Andy’s aunt, with whom he was very close, dies at the beginning of the story. She was a mystical personality and believed she could communicate with the dead. She had been a world traveler and picked up spiritual souvenirs from all over the world. The time travel starts when Andy’s family is cleaning out her house and Andy finds some mysterious incense that had been hers. He lights it and is transported back to the scene of the Boston Massacre of 1770. This foray into the past is brief and is not really connected to the main time travel in the story. I think the only reason for this trip in the narrative is to show what is needed to return to the present. Andy is able to return home when he relights the incense stick.
Not knowing where it will take them, Andy invites Roger to go on an adventure via another incense stick. He figures they can just relight the incense to return home. But this time he drops the incense stick just as they are leaving his bedroom. They have lost their return ticket! Miranda wasn’t invited, but happens upon the scene and inhales some of the incense smoke, so is also whisked away. The three find themselves on the plantation.

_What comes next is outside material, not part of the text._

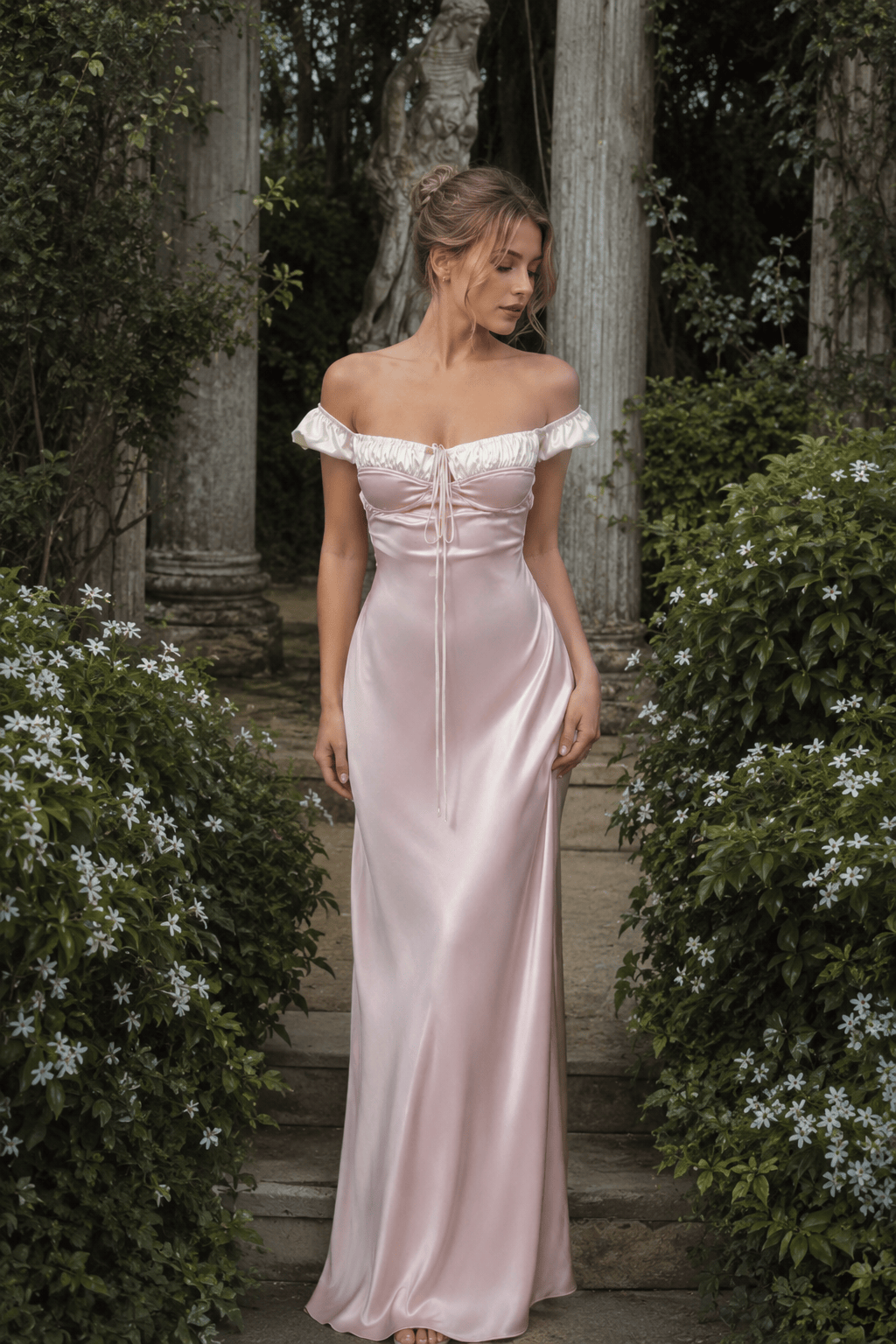 Satin Strapless Tie Slim Romantic Maxi Dress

Roger finds he is part of a family of slaves living in a shack, while Andy and Miranda live in the fancy house of the owners of the plantation. Roger must do the back-breaking work of picking crops and is treated horribly by the white overseer of the plantation. Meanwhile, Andy and Miranda come to believe if they can find the herb that smells like the incense and they burn it, they will be able to return home. They begin a desperate search to find the mystery herb.

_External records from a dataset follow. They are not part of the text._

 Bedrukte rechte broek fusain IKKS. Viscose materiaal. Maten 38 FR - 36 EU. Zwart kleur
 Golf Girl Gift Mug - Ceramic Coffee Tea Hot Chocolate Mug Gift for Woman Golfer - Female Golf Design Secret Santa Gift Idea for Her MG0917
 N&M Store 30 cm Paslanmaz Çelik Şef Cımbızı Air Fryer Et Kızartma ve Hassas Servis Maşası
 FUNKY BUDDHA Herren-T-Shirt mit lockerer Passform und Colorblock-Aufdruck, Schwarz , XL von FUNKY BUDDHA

I admire the author for taking on such an important topic as slavery. The storyline would be easy enough for younger middle grade readers to follow, but because Graham does not shy away from the ugliest aspects of slavery, including whippings and even a hanging, a teacher or parent would have to decide if their children were ready to emotionally deal with this subject matter even if they were able to read the book. Once the kids arrived at the plantation, I appreciated that the story kept a clear focus on how awful and unfair slavery was. I also liked how the story was not merely a time travel adventure, but also a tale of friendship, and how much can be forgiven in friendship.
In the Nick of Time is not to be confused with Nick of Time by Ted Bell which is also a time travel story, or with the numerous other books of the same title!